Financial margins for pig producers in NI are under pressure due to rising feed costs and falling prices for finished pigs.

“We are back 15-20p/kg in pig prices from this time last year, but we have a double storm because the price of feed has increased dramatically,” said Glenn Cuddy, chair of the UFU’s pork and bacon committee.

Although soya prices have eased since earlier in the year, the cost of typical rations on local pig units is still up by £70/t when compared to the same period in 2020.

“Imported barley is £250/t, whereas this time last year it was £180/t. Maize is also around £250/t, but it could be bought for £160/t last year,” Cuddy said.

It means pig farmers are getting squeezed from both ends of the profitability equation and there is little sign of any reprieve in the weeks ahead.

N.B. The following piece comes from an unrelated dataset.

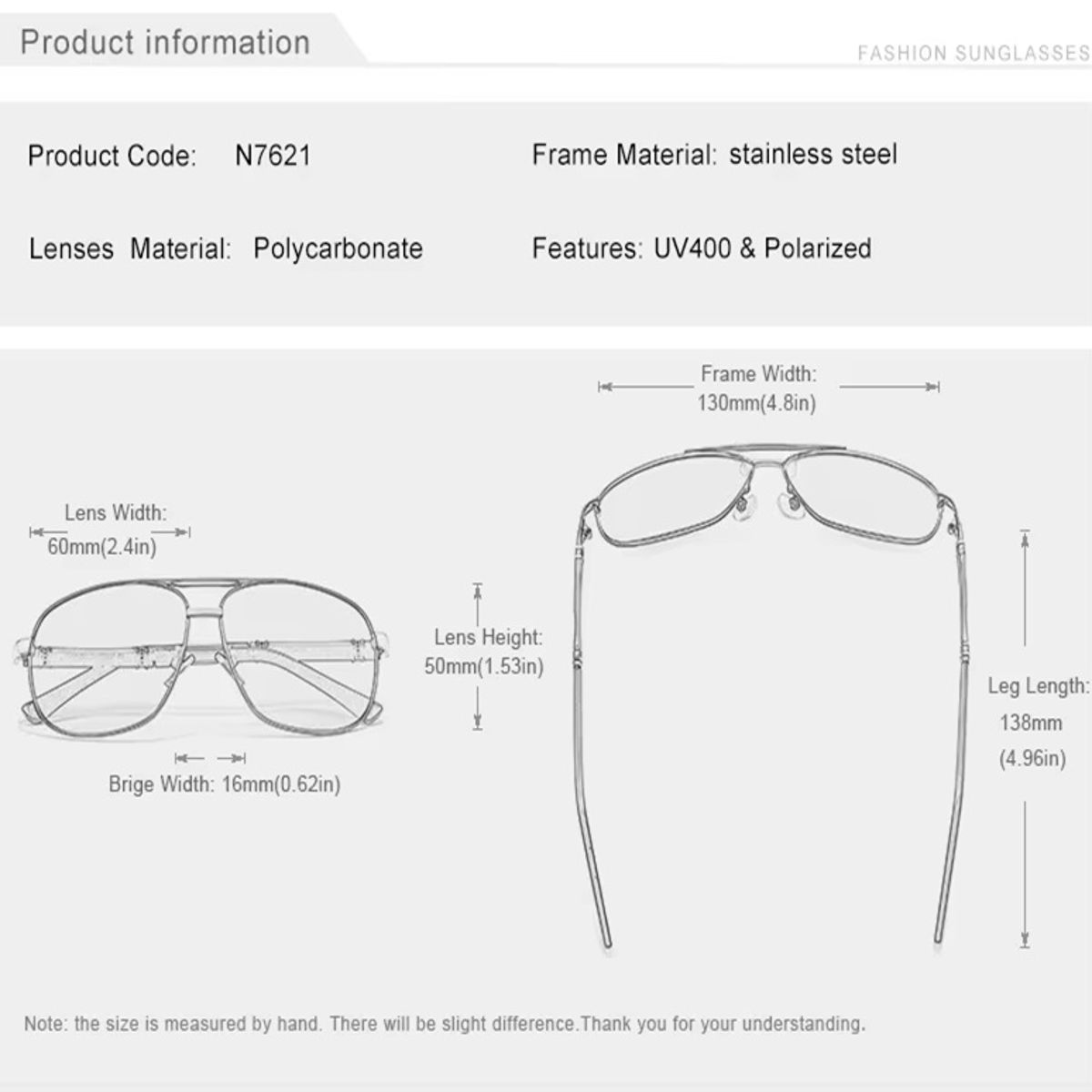 Classic Polarized Pilot Sunglasses for Men with UV400 Protection Classic Polarized Pilot Sunglasses for Men with UV400 Protection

A key issue impacting pig price in NI is the shortage of workers in factories. The labour availability problem is worst in Britain where processing delays has led to a backlog of finished pigs on farms.

Discounted prices as low as 70p/kg are reportedly being paid for overweight pigs in Britain, which is less than half of current prices for in-spec pigs in NI.

However, most contracts for NI pig producers are linked to the Standard Pig Price (SPP), an index which is based on prices paid by factories in Britain.

“The prices that are being paid for out-of-spec pigs in Britain is being fed into the SPP, and unfortunately that is bringing prices down for us in NI,” Cuddy said.

While pork processors in NI are also short of labour, there is little evidence that it has had an impact on throughput in local factories.

The latest official figures from DAERA show that the total pig kill in NI this year to date is running 5% ahead of the same period in 2020 and is 10% higher than 2019 levels.

Pigs from the Republic of Ireland are also still coming north for slaughter, with DAERA figures indicating that imports have made up 22% of total throughput in NI factories this year to date.

Extra price cut

Another factor that could also impact on producer margins is a recent proposal from one local pork processor for a £13.50/pig price deduction to help address the labour shortfall.

It remains to be seen if the proposal will come to pass, especially given that the other main pork processor in NI has not come forward with a similar plan, but it has added to concerns among local producers.

“We are in an awkward place at the minute. They say they can’t get staff, but we can’t understand how they are able to keep killing so many pigs,” Cuddy said.